IP video

Cisco's Cloud Video Platform Grows Up

It's been several years since Cisco first turned its gaze toward cloud-based video services, and while it's taken multiple acquisitions, product iterations and name changes, the company now says it has consolidated its efforts onto one unified video delivery platform. The Infinite Video Platform (IVP) is the grown-up version of Videoscape, which Cisco launched in 2011, and it's the merger of multiple cloud-based Infinite Video products now bound together in a single offering.

Cisco's IVP works for cable, satellite and over-the-top video providers, and that includes programmers as well as traditional service operators. The company claims more than 60 IVP customers around the globe, and at CES 2017 Cisco Systems Inc. (Nasdaq: CSCO) introduced IVP Labs for accelerated feature development within the platform. (More on that in a moment. See also Cisco Launches Infinite Video Platform Labs.)

IVP options for managing video delivery include service modules for: Linear, On Demand, Analytics, Administration, Packages, Subscribers, cDVR and Policies, Service Provisioning, Devices, Security Services, Advertising and IVP Labs. For any video provider that doesn't want to take on the role of platform creator (Read: Comcast) or ongoing systems integrator, Cisco offers a solution for scalable growth in the IP video business.

"We're trying to fulfill the promise of making IP better than broadcast," says Rajeev Raman, a senior director at Cisco, echoing the words of SVP Conrad Clemson in a recent interview with Light Reading founder Steve Saunders. (See Cisco's Clemson on Mobile Cloud Video.)

Just looking at some of the live, linear OTT video services offered today -- notably new DirecTV Now -- there's clearly still work to do from a user experience perspective. (See OTT Went Big in 2016, Aims Higher in 2017.)

However, Raman is talking about more than just managing traffic load for smooth video streaming.
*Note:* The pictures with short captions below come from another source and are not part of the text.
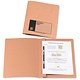 5 Star Office Flat File Recycled Manilla 315gsm 38mm Foolscap Orange [Pack 50]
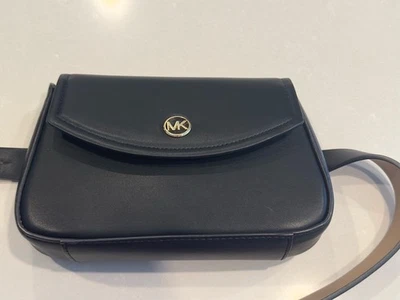 Michael Kors Black Waist Bag Fanny Pack - Image 1 of 4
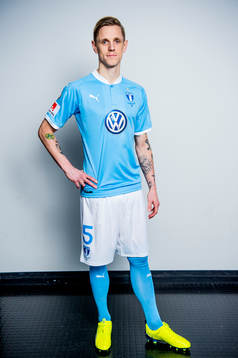 Malmö FF presenterar Sören Rieks som ny spelare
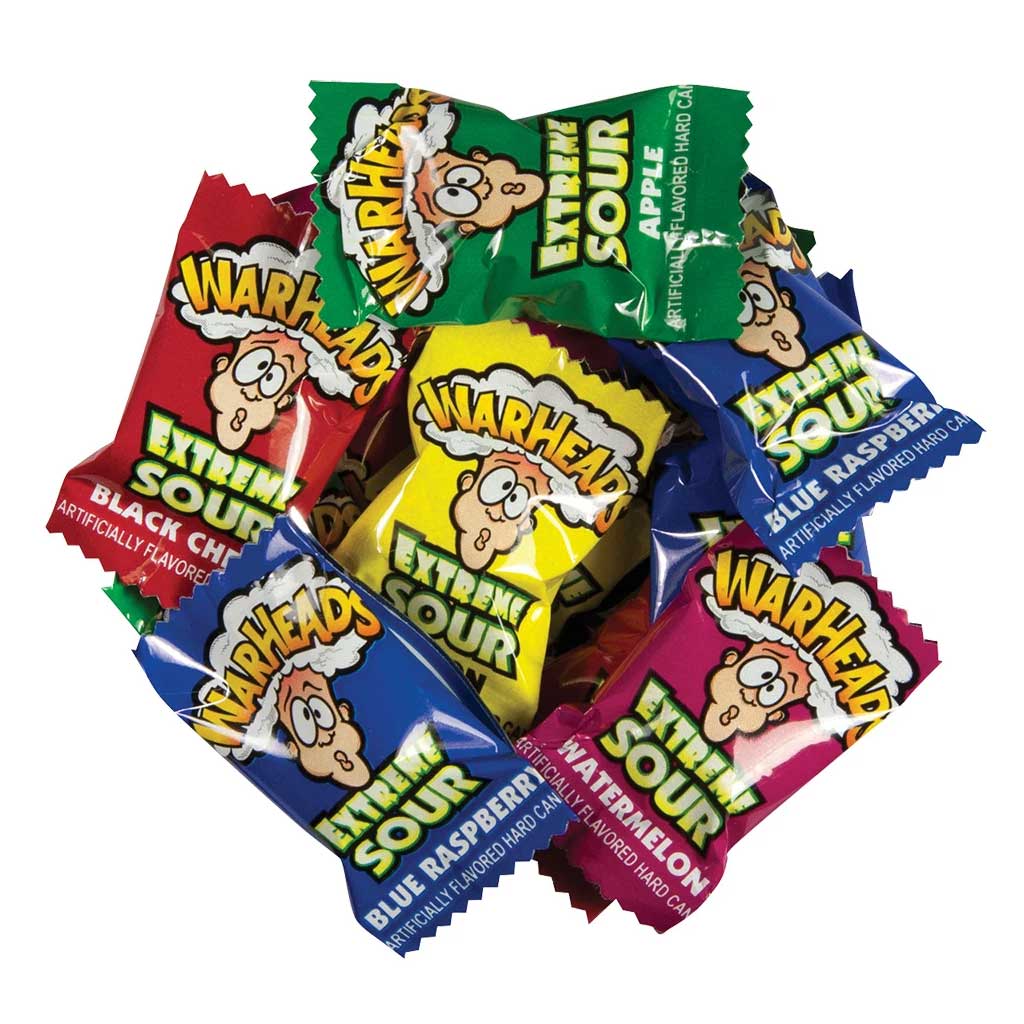Warheads Extreme Sour Minis Confection - Nibblers Popcorn Company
He's also talking about improving IP video delivery from a business standpoint so that more it's more scalable and cost effective than traditional broadcast television. Cisco wants video providers to be able to innovate, introduce new features and develop new revenue streams faster with Cisco's cloud.

That service velocity is also where IVP Labs comes into play. Customers can opt in to IVP Labs then use it to test new features in a staging area and work with Cisco to build them into the IVP roadmap. Israeli TV company YES is Cisco's launch partner for IVP Labs, and the operator has already used the lab environment to design and test a personalized user interface that can be targeted to different viewers.

At CES, Cisco also showed a sample chatbot feature for content recommendations hosted through IVP Labs.

The advantage for customers in joining IVP Labs is early access to new features as well as feedback from Cisco and others. "Operators get to bring their crazy ideas to the table," says Raman. At the same time, IVP overall remains a standardized product, with all the structure and support that entails.

Like any company that has gained some success with a product, Cisco is now working to create a collective of IVP users. Think of it like a user group, or better yet, a developer community.

IVP Labs is the logical next step for a company with a maturing cloud-based platform.